My 3 year old is a devoted carnivore.
She never knowingly eats fruit or vegetables in native form but can devour a large rare steak.
She loves going to our local butchers with my mum and picking out what she wants.
I love the way my mum is passing on all her knowledge of buying great steaks, joints and stewing meat. She learnt it from her own mum who cooked the best steak & Sunday roasts ever!
I have very strong memories of going to the butchers with my mum and grandma when I was little and them chatting away to the butcher and inspecting the meat.

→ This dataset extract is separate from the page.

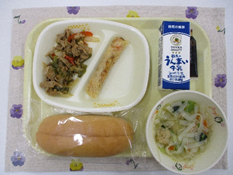 上記で説明した世界の料理～ベトナム～が盛り付けられた給食写真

Unfortunately, I was not as good a student as my daughter and can't remember any of the wisdom shared on these trips!
So I asked my mum to give me her top tips for buying the best beef and here they are.
If you have your own do add them to the list ... and check out all the brilliant beef recipes shared by other bloggers at the bottom of this post ...
Top Tips for Buying the Best Beef
- Go to a traditional independent butcher if you can
- Beef needs to be well hung but cut as freshly as possible, so better to buy from a butcher where you can see the meat hanging and know it has been cut recently on site
- Get to know your butcher and ask his advice - if you chat and show an interest, they'll "look after" you
- Let your butcher know in advance what you want
- Buy beef from named farms as local to you as you can
- If you can buy beef from cows who've been grazed on organic grass land & who haven't been treated with steroids etc - if the cows have eaten a good, diverse diet, it just tastes better!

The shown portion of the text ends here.